Gertrude has choices. Ophelia does not.
Everybody gets to choose. Not Ophelia.
This is why Ophelia is so hard to play.
Think about this. Ophelia’s mother is dead or maybe she went insane. Now Ophelia is at the mercy of her father and her brother. Polonius and Laertes are a lot to handle.

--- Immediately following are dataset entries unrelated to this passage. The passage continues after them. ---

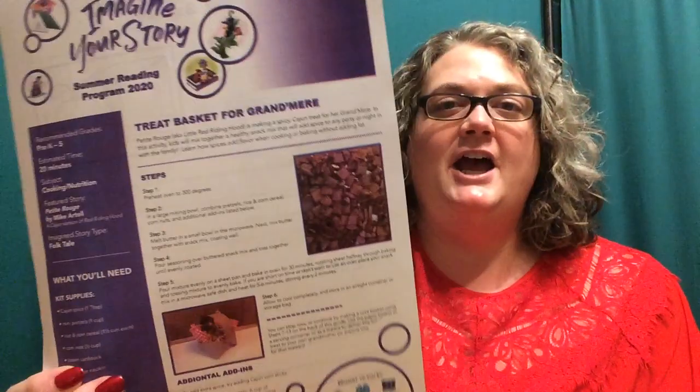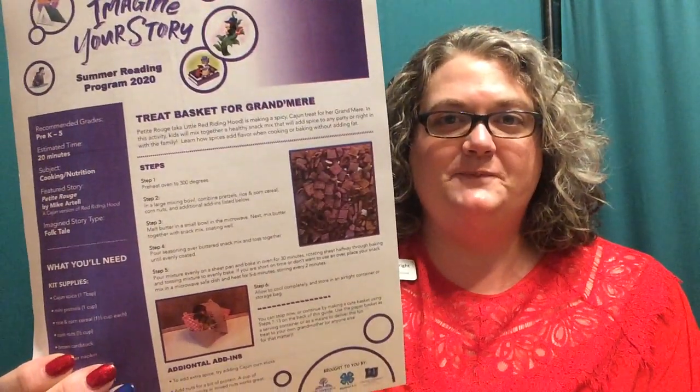Welcome to today's Take and Make activity video as part of the Imagine Your Story Summer Reading Program. My name is Mary Ann Wright and I'm a 4-H Area Educator with Lincoln University Cooperative Extension. Today's Take and Make activity is A Treat Basket for Grand Mare, which coordinates with the book we read yesterday — Petite Rouge, a fun Cajun version of the classic folktale Little Red Riding Hood.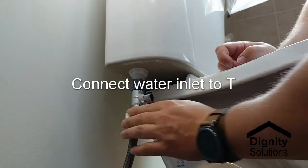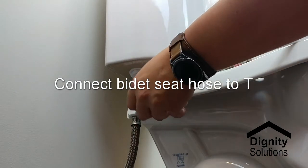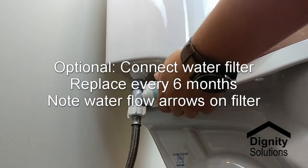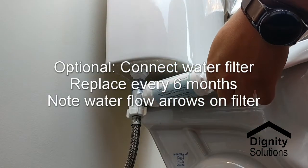Installing a water filter is easy to do and can increase the lifespan of the Cascade. Simply connect the water filter to the T and connect the Cascade hose to the end of the water filter. This water filter should be changed out every six months.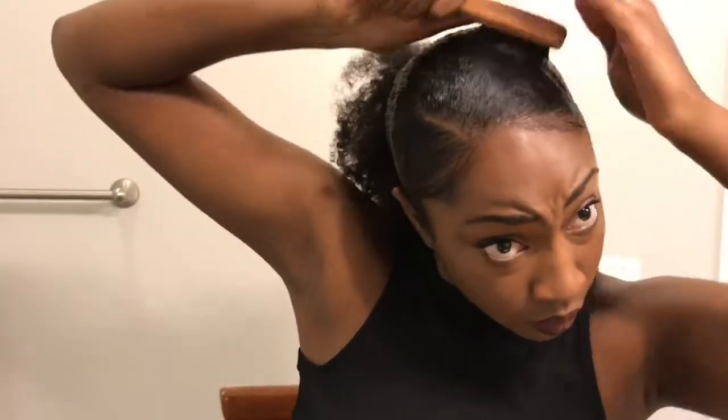Then for the next step I'm going to add my Eco Styler Gel after I smooth in all the previous product, and I just smooth that into my edges. Then I get my handy dandy edge brush — I use this for my edges and baby hair because it's smaller and can get into those corners better than the bigger brush. So I'm going to smooth everything back once more and get some edges laid.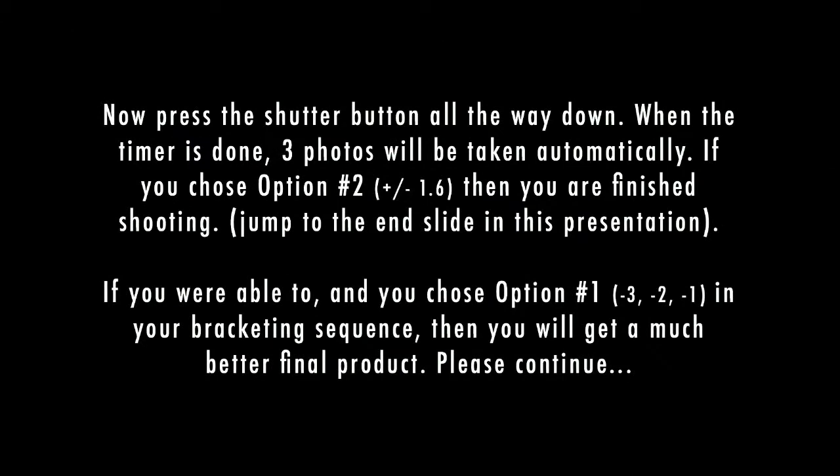Press the shutter button all the way down. When the timer is done, three photos will be taken automatically. If you choose option 2 — plus/minus 1.6 — then you are finished shooting; jump to the end slide in this presentation. If you were able to and you choose option 1 — minus 3, minus 2, minus 1 in your bracketing sequence — then you will get a much better final product. Please continue.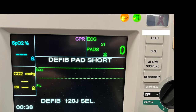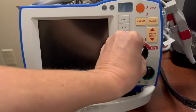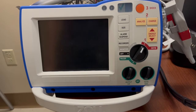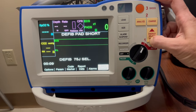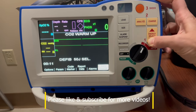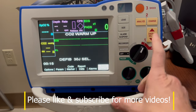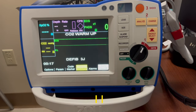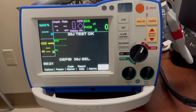Most of the time when you do a self-check, the red X will go away. To do the self-check, make sure your pads are attached, turn the monitor into defib, then decrease the joules to 30, then press charge and shock. The machine will tell you whether the test has passed.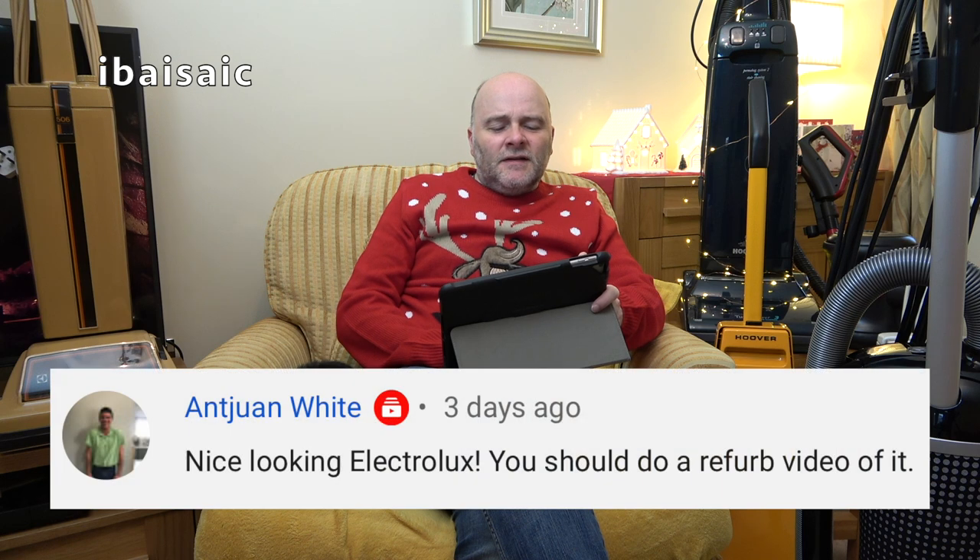Someone comments: nice looking Electrolux — you should do a refurb video of it. That's the Electrolux 550. I'm going to do some refurb videos, but because that one doesn't really need a big refurb, I'm not going to do that one. But more refurbs will be coming up hopefully next year.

Again and again Shakespeare reveals the terrible plight of women. Ophelia and Juliet are at the mercy of the pleasure of their fathers. They command their daughters to marry Paris or leave Hamlet out standing in the rain. Hero is falsely accused of indiscretion in Much Ado About Nothing. Only Benedict, a man, proves her innocence. Kate in Taming of the Shrew has to marry Petruchio and then is at the mercy of his abuse. Hermia in Midsummer must marry a man she does not love. Thanks to her father. Hamlet’s mother, Gertrude, too must have been commanded by her father to marry Hamlet Senior. Then there is Ophelia. Poor Ophelia. It seems daughters just can’t win.
Laertes and Hamlet throw themselves onto the Ophelia’s wooden coffin, proclaiming their love for her.
“My poor dead sister,” Laertes cries out.
“I loved her,” Hamlet cries out.
“You scoundrel,” Laertes protests, grabbing Hamlet by the throat. “You killed her. You are responsible. You did not love her at all.”
The two are pulled apart.
They have given Ophelia what she wanted. Love. But it’s kinda late, fellows.